§ **Directions for this task**
Pictures excluded, set down exactly the lines from the one containing "Senior woman holding" through the final line of the material, and only those.

§ **Task input**
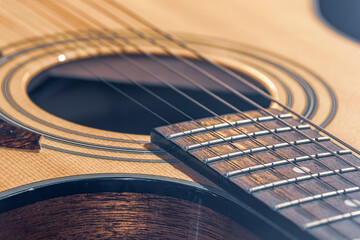 Fototapeta premium Close-up of a classical acoustic guitar in beautiful lighting.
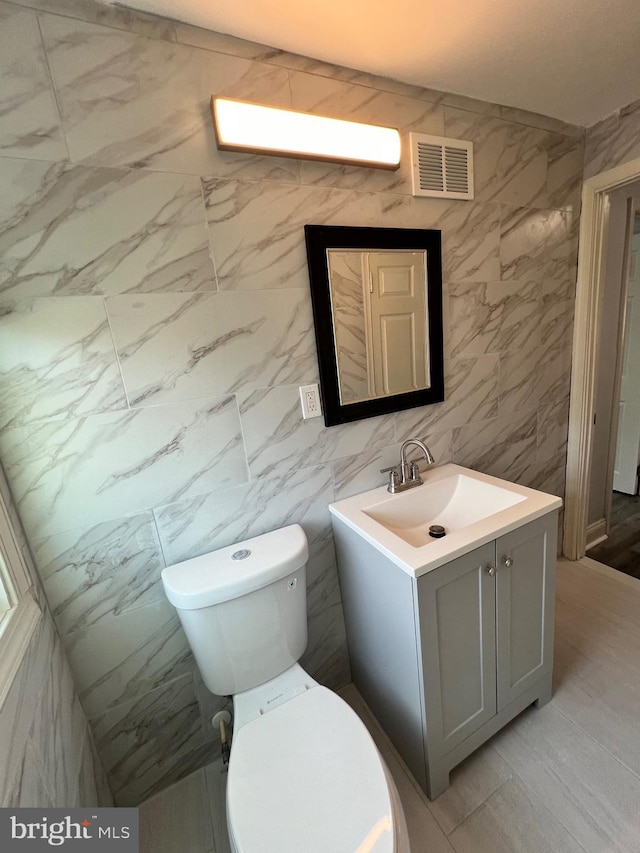 bathroom with vanity, toilet, and tile walls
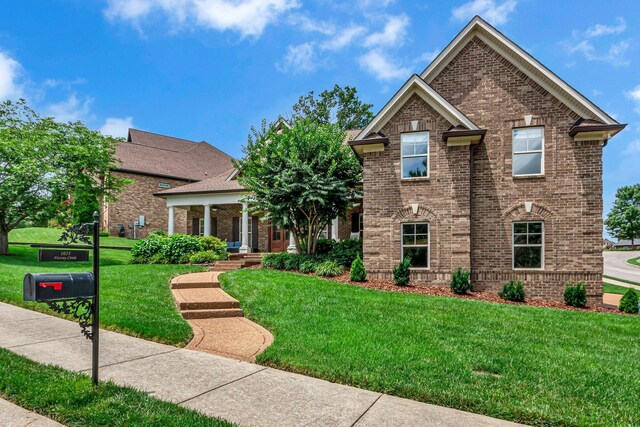1051 Fitzroy Cir, Spring Hill, TN 37174 - view of front of home featuring brick siding, a front lawn, and a porch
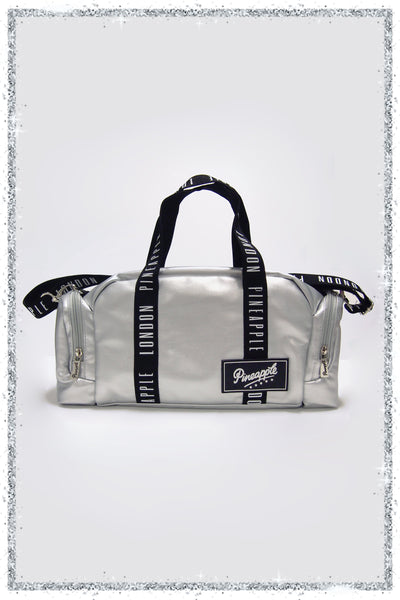 Silver duffel bag with black straps and a brand logo on a light gray background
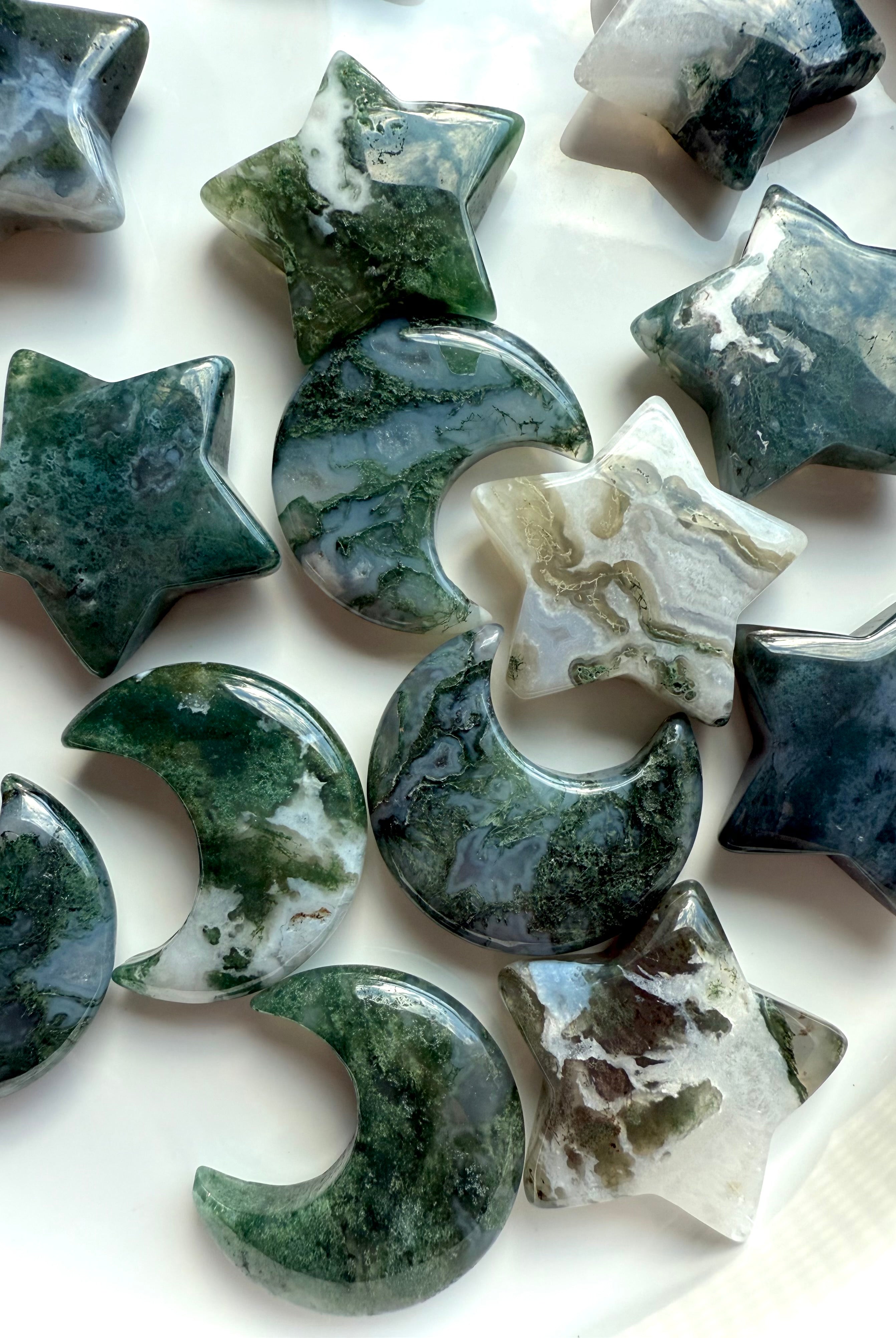 Close-up of Moss Agate moons and stars showing intricate moss-like inclusions and natural banding — heart chakra healing crystals for grounding and emotional renewal.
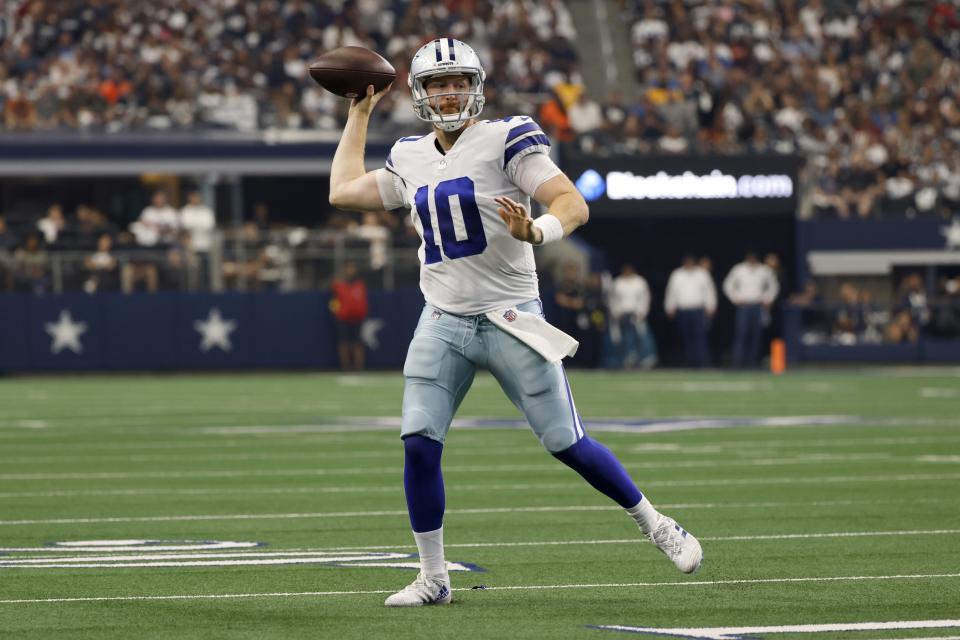 Dallas Cowboys quarterback Cooper Rush (10) throws a pass in the first half of a NFL football game against the Washington Commanders in Arlington, Texas, Sunday, Oct. 2, 2022. (AP Photo/Ron Jenkins)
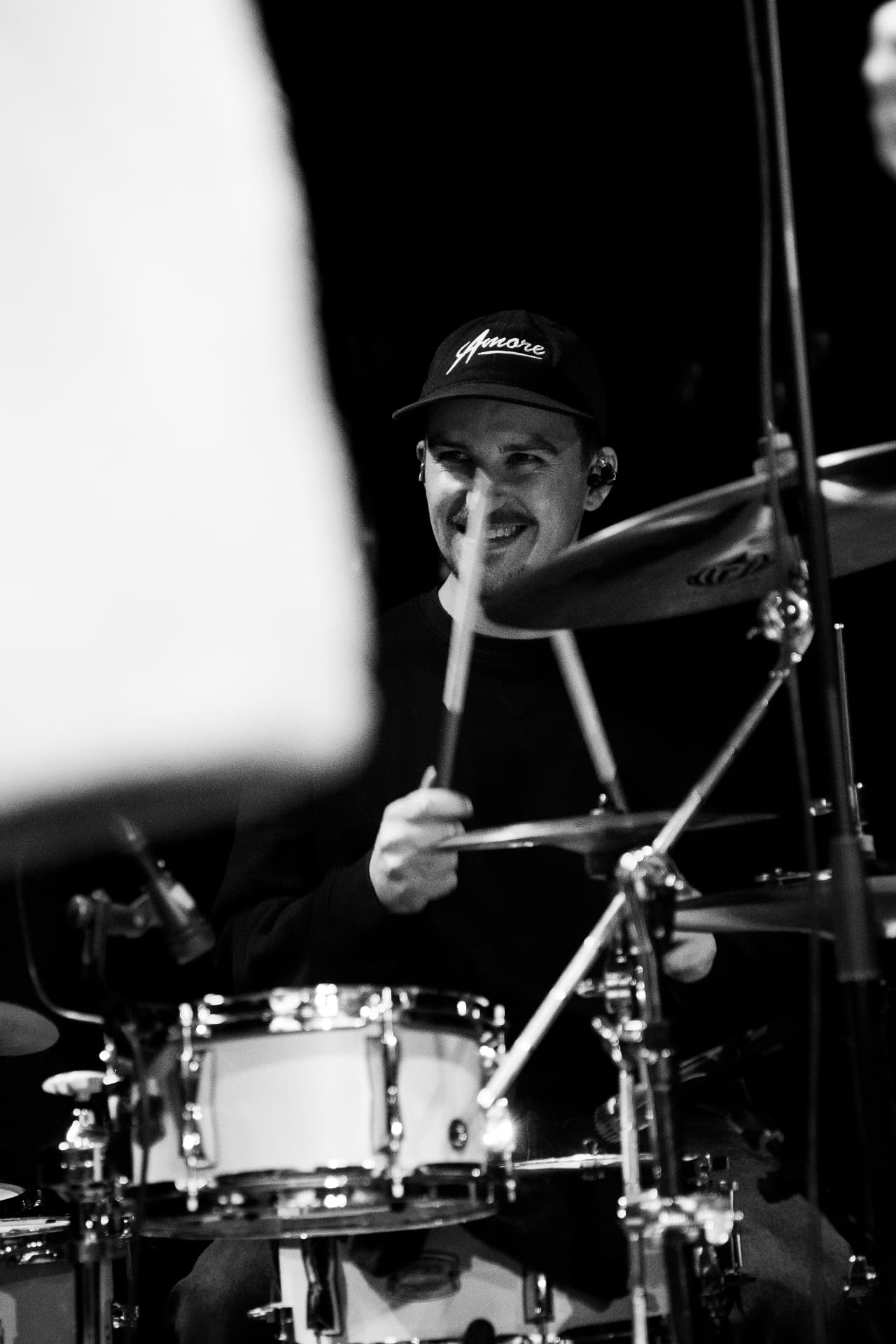 Julian Feuchter smiling while playing drums live
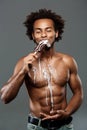 Young handsome african man eating icecream over grey background. Royalty Free Stock Photo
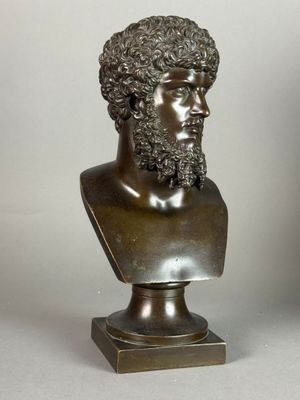 bronze bust of a man with curly hair and a beard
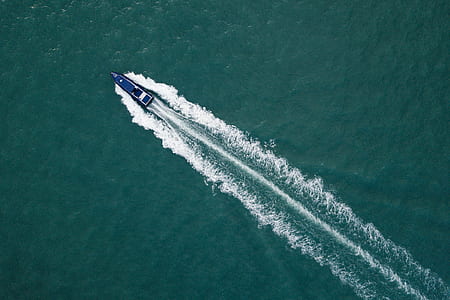 blue motorboat on body of water thumbnail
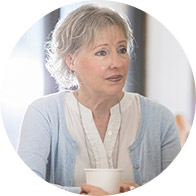Senior woman holding a cup while engaging in a conversation.
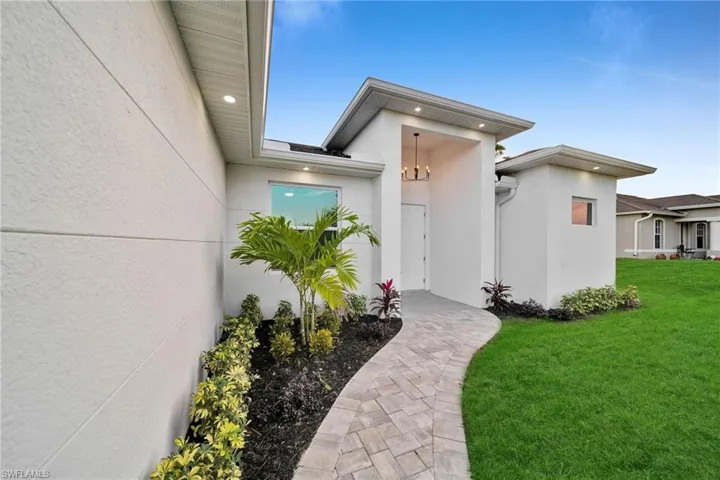 Doorway to property with a yard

§ **Written solution**
Senior woman holding a cup while engaging in a conversation.
 Doorway to property with a yard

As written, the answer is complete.